My rating: 3 of 5 stars
(Source: I received a digital copy of this book for free on a read-to-review basis. Thanks to HarperCollins and Edelweiss.)
“You just won the jackpot, little brother. They’re gonna emancipate your ass.”
This was a YA contemporary story, about 6 legally emancipated teens living together in a house on Venice Beach.
The first thing I’d like to say is why are there only 5 people on the cover? This book has 6 main characters!
Anyway, I did have problems at first keeping track of each of these kids, but I did get it straight eventually.
Grace and Candace are step-sisters, who have moved to LA because of Candace’s acting career. The house they’re staying in is owned by Candace’s biological mother, and Grace’s mother is having to pay rent for Grace to live there as well! Grace is quite a quiet girl, and the only thing we really know about her is that she has a pen-pal who is on death row. Candace was emancipated so that she could go to LA without her step-mother tagging along, and I think Grace was just along for the adventure.
“You and me, emancipated minors?”
Grace nodded. “Heck yeah.”
John-Michael is legally emancipated because his father has just died. There are some questions over the way his father died though. Did John-Michael have anything to do with it?
“You don’t have to worry about me anymore.”
Paolo is the 24th best tennis player in the US, and has been emancipated because his family are moving to somewhere remote for 2 years for this father’s job. He wanted to stay and carry on with his tennis, so they emancipated him.
Lucy is in a rock band, and likes to smoke weed. Her parent’s have had enough after catching her and her friends misbehaving one too many times, and she is now also emancipated.
“My sister blotted her copybook somethin’ awful and Mr and Mrs Long did not take it well.”
Maya has been emancipated because her father had a problem with his green-card, and he and her mother have had to leave the country whilst it is sorted out. What is Maya hiding though?
“Maya’s dad ran into trouble with his papers. Her mom left with him while the problem gets cleared up.”
The storyline in this switched between the six kids – Paolo getting into trouble by making bets when he can’t pay up, John-Michael having to deal with the speculation that he might have murdered his father, Candace getting some acting opportunities, Grace mainly writing letters to some guy on death row, Lucy trying to join a new band, and Maya hiding a secret from everyone. Each of these storylines was okay, but there was nothing really exciting going on, other than the storyline that someone was spying on the kids, and there was a question over whether one of them had witnessed a murder – not that we got very far with this storyline at all.

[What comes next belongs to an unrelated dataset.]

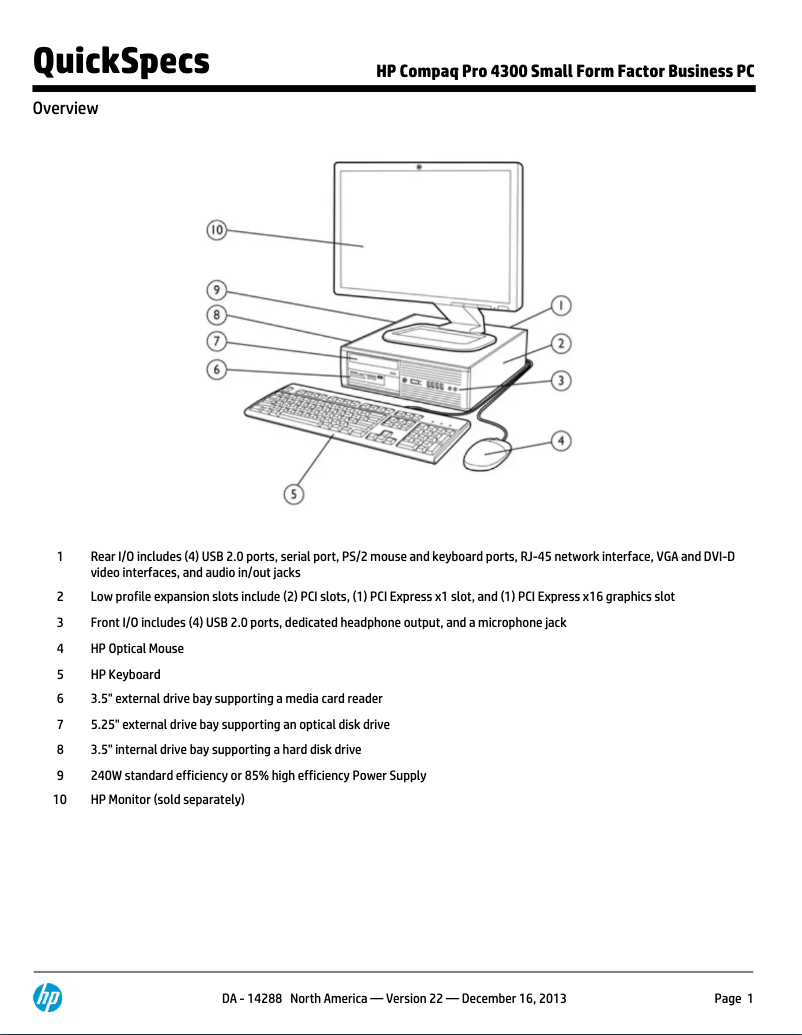 Page 1 de la notice Manuel utilisateur Compaq Pro 4300 SFF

“I think I wish I’d never been Charlie. ‘Charlie’ saw a man drowned.”
There was a little bit of romance, but not a lot, and what there was wasn’t really anything to sink your teeth into.

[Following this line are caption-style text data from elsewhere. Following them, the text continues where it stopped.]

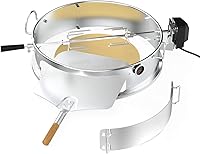 Vista 8 de only fire - Kit combinado de asador y pizza multiusos de acero inoxidable para Weber de 18 pulgadas y otras parrillas similares tipo kettle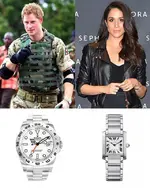 El Principito Harry con un Rolex Explorer II y Meghan Markle con un Cartier Tank mediano.webp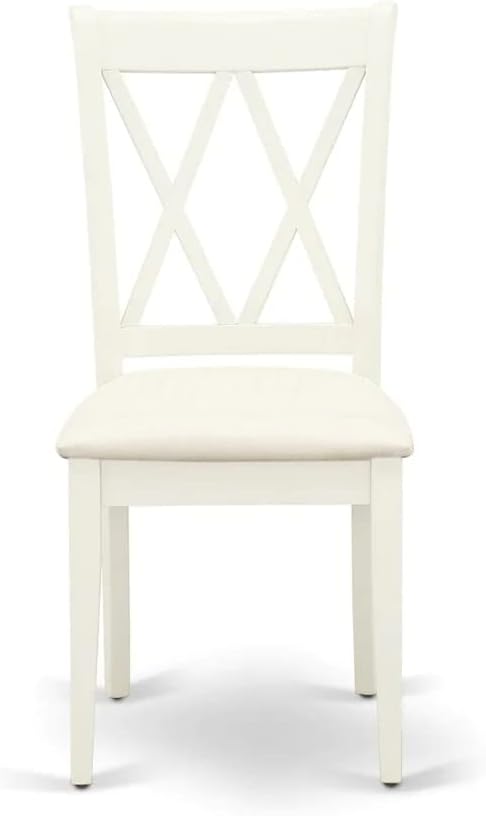 East West Furniture LGCL5-LWH-C 5 Piece Kitchen Table & Chairs Set Includes a Rectangle Dining Table with Butterfly Leaf and 4 Linen Fabric Dining Room Chairs, 42x84 Inch, Linen White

The ending to this left us with a bit of a cliff-hanger which I wasn’t expecting. I had assumed that this was a stand-alone, but the ending left me thinking that there would be at least one more book to tie things up.
Overall; this was an interesting story, but the pace was a little slow, and I didn’t feel that all that much happened. This to me felt like it was just the start of something, and that his whole book was just setting the scene for whatever comes next. I think it will hinge on what actually happens in the next book as to whether this story is really worth reading or not. There wasn’t anything horribly wrong with this story, but there just didn’t seem to be much going on. That being said, I am interested to find out what happens next, because I’ve invested 400 pages in getting to know these kids now.